EXERCISE DATA -

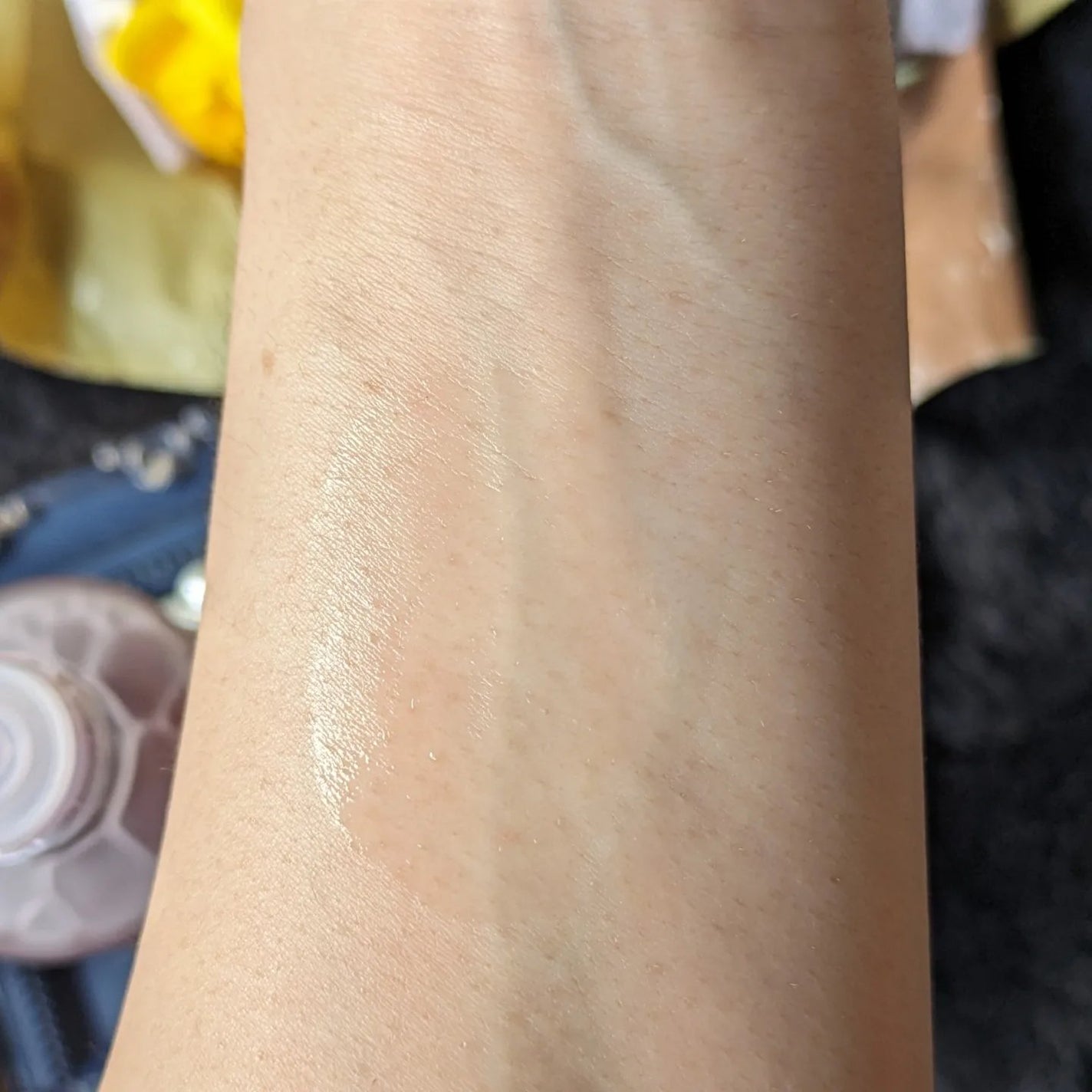 アンチリンクルファーストエッセンスオリジン/MIGUHARA/化粧水を使ったクチコミ(5枚目)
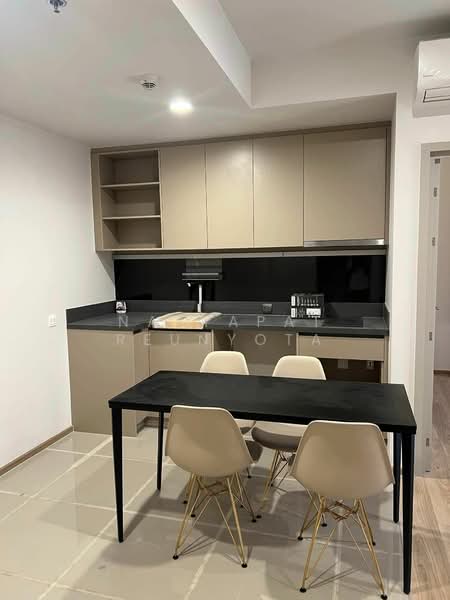 Oka Haus Sukhumvit 36, Bangkok, 3399 Rama 4 Road, Khong Tan, Khlong Toei, Bangkok, 2 Bedrooms, 50 sqm, Condo For Sale, by Nattapat Reunyota, 500360510 - DDproperty.com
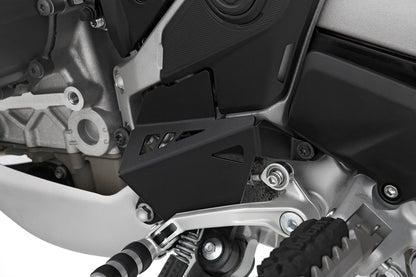 Wunderlich protective cover shift mechanism - black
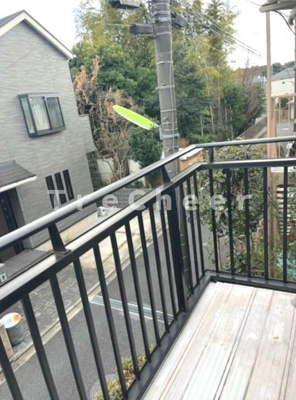 【バルコニー】 | エスポワール21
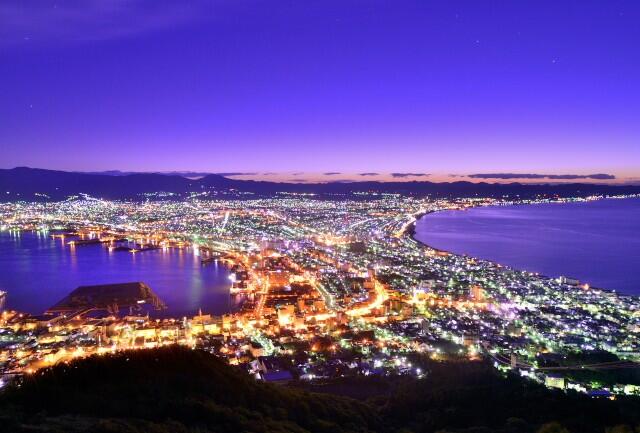 Ingin Melihat Jepang Saat Musim Salju? Ayo Pergi ke 4 Lokasi ini!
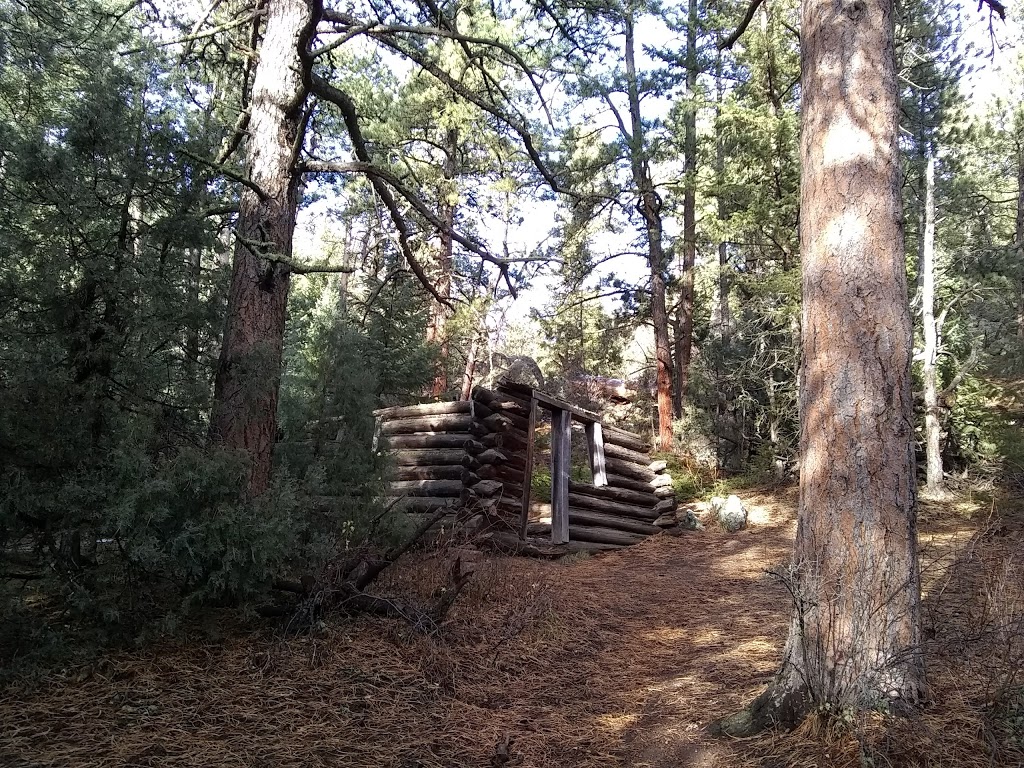 Coulson Gulch Trailhead | Lyons, CO 80540, USA | Phone: (303) 541-2500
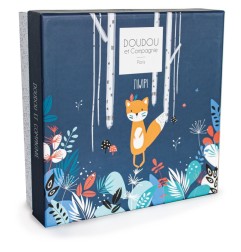 TIWIPI RENARD DOUDOU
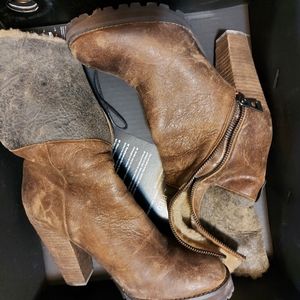 Rudsak Winter Booties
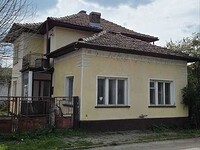 Houses in Lovech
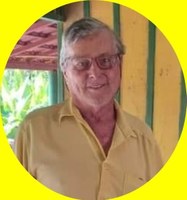 Nota de Pesar da Câmara de Vereadores de Espigão do Oeste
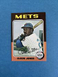 1975 Topps - #43 Cleon Jones Nrmt/Mt Cond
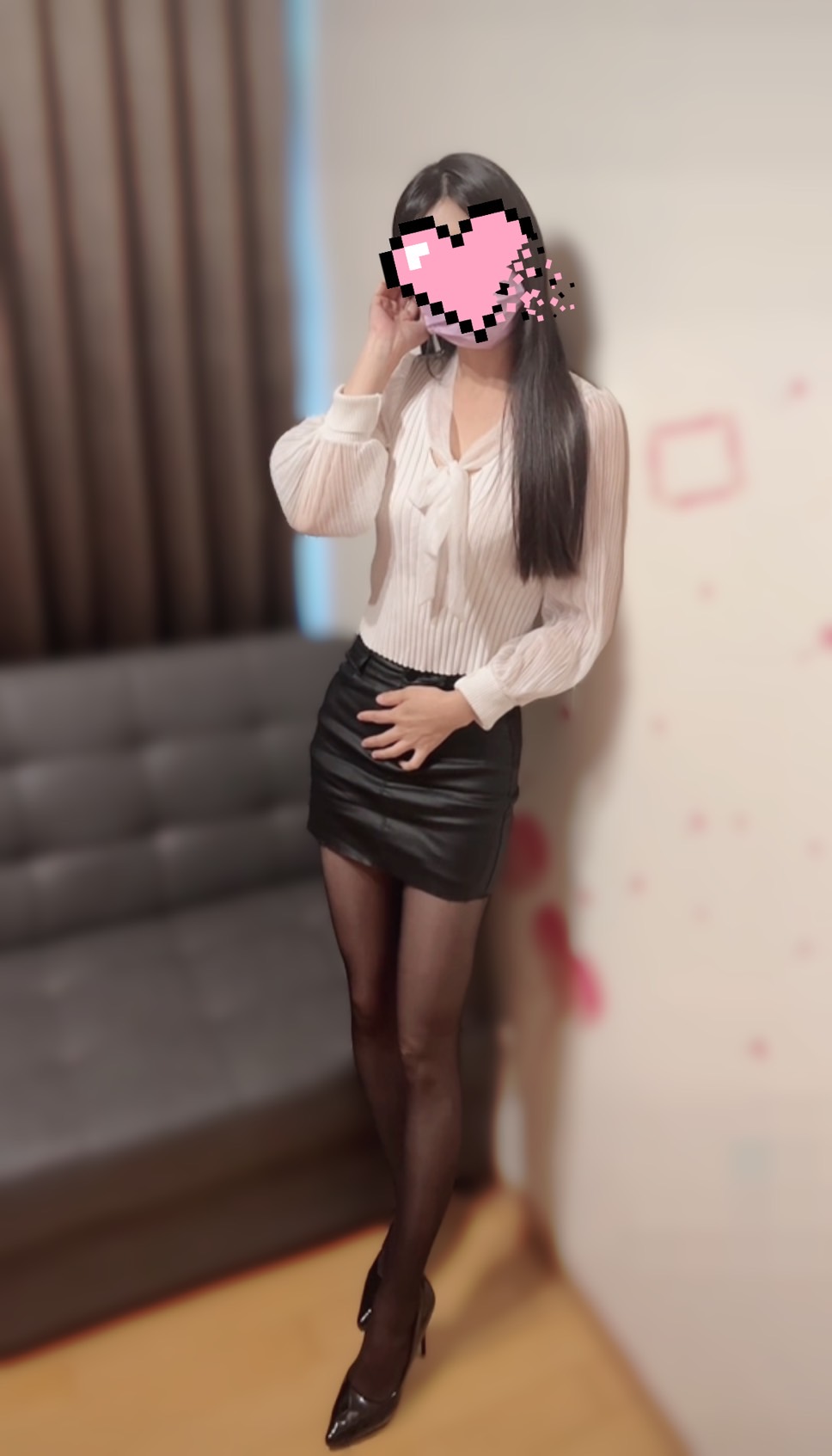 板橋 | 💯 正妹舒壓工作室（按摩舒壓、美容美體、耳燭採耳、艾草溫罐）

BRIEF -
Please print the records above word for word, leaving every image out.

ANSWER FOR THE TASK -
 アンチリンクルファーストエッセンスオリジン/MIGUHARA/化粧水を使ったクチコミ(5枚目)
 Oka Haus Sukhumvit 36, Bangkok, 3399 Rama 4 Road, Khong Tan, Khlong Toei, Bangkok, 2 Bedrooms, 50 sqm, Condo For Sale, by Nattapat Reunyota, 500360510 - DDproperty.com
 Wunderlich protective cover shift mechanism - black
 【バルコニー】 | エスポワール21
 Ingin Melihat Jepang Saat Musim Salju? Ayo Pergi ke 4 Lokasi ini!
 Coulson Gulch Trailhead | Lyons, CO 80540, USA | Phone: (303) 541-2500
 TIWIPI RENARD DOUDOU
 Rudsak Winter Booties
 Houses in Lovech
 Nota de Pesar da Câmara de Vereadores de Espigão do Oeste
 1975 Topps - #43 Cleon Jones Nrmt/Mt Cond
 板橋 | 💯 正妹舒壓工作室（按摩舒壓、美容美體、耳燭採耳、艾草溫罐）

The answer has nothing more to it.